The most rapid growth rates in E&M revenues over the coming five years will be in less-developed markets and economies, where entertainment and media spending on a per capita basis is generally quite low. This is according to PwC’s Global entertainment and media outlook 2017 -2021. The report provides PwC's most recent and up-to-date forecast of consumer and advertising spend data as well as related commentary for 17 entertainment and media segments, across 54 countries including Nigeria. It is a powerful online tool that provides deep knowledge and actionable insights about the trends that are shaping the E&M industry.
According to the latest report, Nigeria with a 12.1% CAGR (albeit strongly influenced by surging spending on mobile Internet access), will be the world’s fastest-growing E&M market over the coming five years while the slowest-growing will be Japan, growing at a 1.7% CAGR.
While consumers in mature markets such as North America and Europe, and wealthier Asia-Pacific markets, spend a lot — more than US$500 per capita annually — on entertainment and media, growth rates are relatively slow in these areas. In contrast, less developed economies feature much lower per capita spending and faster growth albeit from a very low base – less than US$50 a year in many cases.
The report noted that dramatic shifts are underway in how entertainment and media companies compete and generate value, as the quality of the experience they deliver to consumers becomes their primary basis for strategic differentiation and revenue growth. To thrive in a marketplace that is increasingly competitive, crowded, and slower-growth, therefore, companies are developing strategies and building capabilities to engage and monetize their most loyal and passionate users — their fans.
This means they must combine compelling content with breadth and depth of distribution, and then connect it all to a great user experience, where content is discoverable easily on an array of screens and at an attractive price.
Femi Osinubi, Technology, Information, Communications and Entertainment (TICE) Industry Leader at PwC Nigeria, comments:
“A raft of changes in technology, user behaviour and business models have opened up a gap between how consumers want to experience and pay for E&M offerings, and how companies produce and distribute them. The right user experience bridges this gap. To deliver it, companies must pursue two related strategies. First, build businesses and brands anchored by active, high-value communities of fans, united by shared passions, values, and interests. And second, capitalize on emerging technologies to delight users in new ways and provide superior user experiences.”
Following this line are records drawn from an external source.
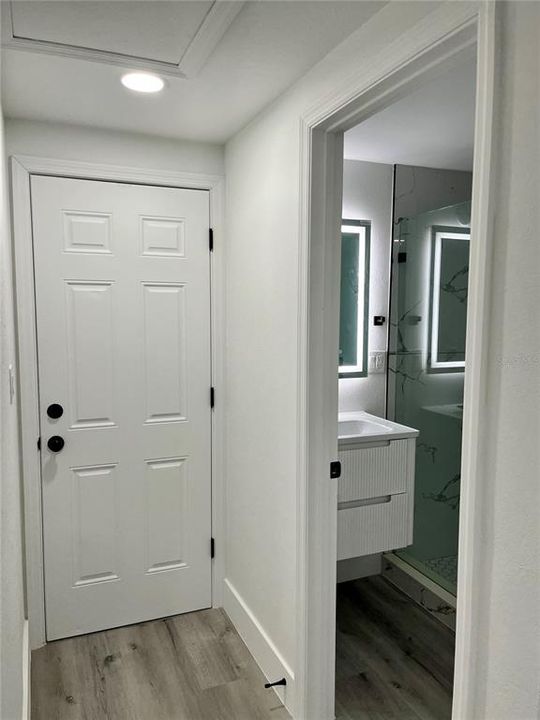 For Rent: $2,100 (2 beds, 1 baths, 1128 Square Feet)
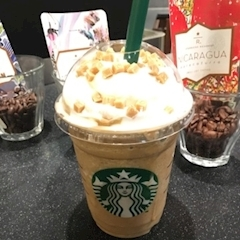 愛羽 仁美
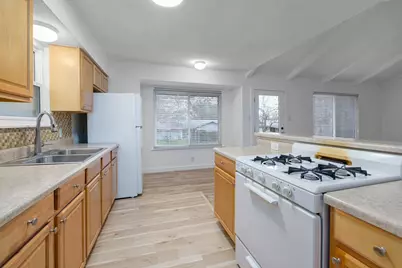 8525 Maine Drive, Austin, TX 78758 - Photo 10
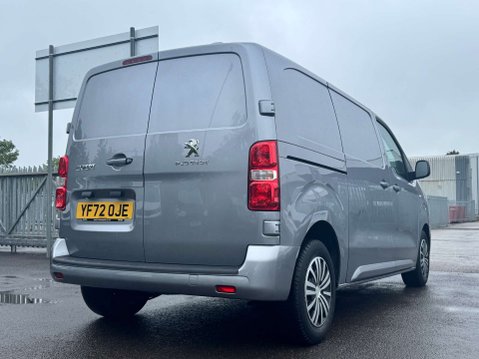 Peugeot Expert 2.0 Expert Professional Premium L1 Blue HDi 40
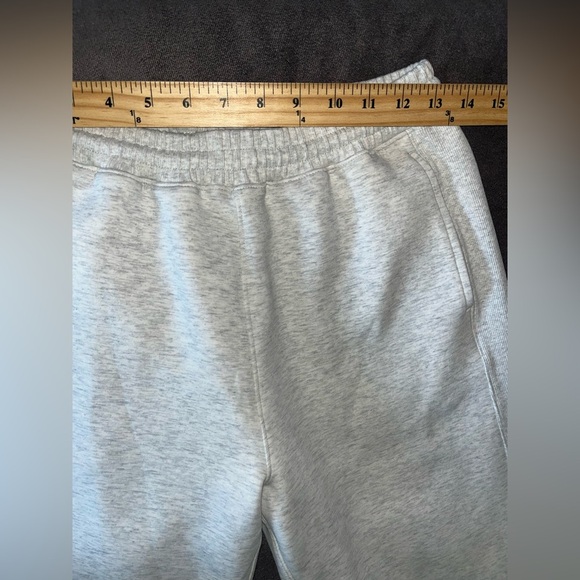 NWOT Abercrombie and Fitch YPB neoKNIT Sweatpants Small S Short Heather Grey - Picture 8 of 13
Rapid advances in technology drive direct-to-consumer strategies
As companies compete to create the most desired user experiences, advances in technology are at the heart of their strategies. Combined with a great user experience, companies can harness technology and data to create a virtuous circle – one in which increasing consumer engagement and attention lead to the capture of more data and more insights into what users want.
This understanding enables companies to further target and engage their core audiences, opening up new opportunities to generate revenue. Increasingly the models used to achieve this monetization are founded on direct-to-consumer (D2C) strategies, which are enabled by technology and characterized by greater choice and user control: over the next five years, Internet video will grow at an 11.6% CAGR, and music streaming at a 20.7% CAGR.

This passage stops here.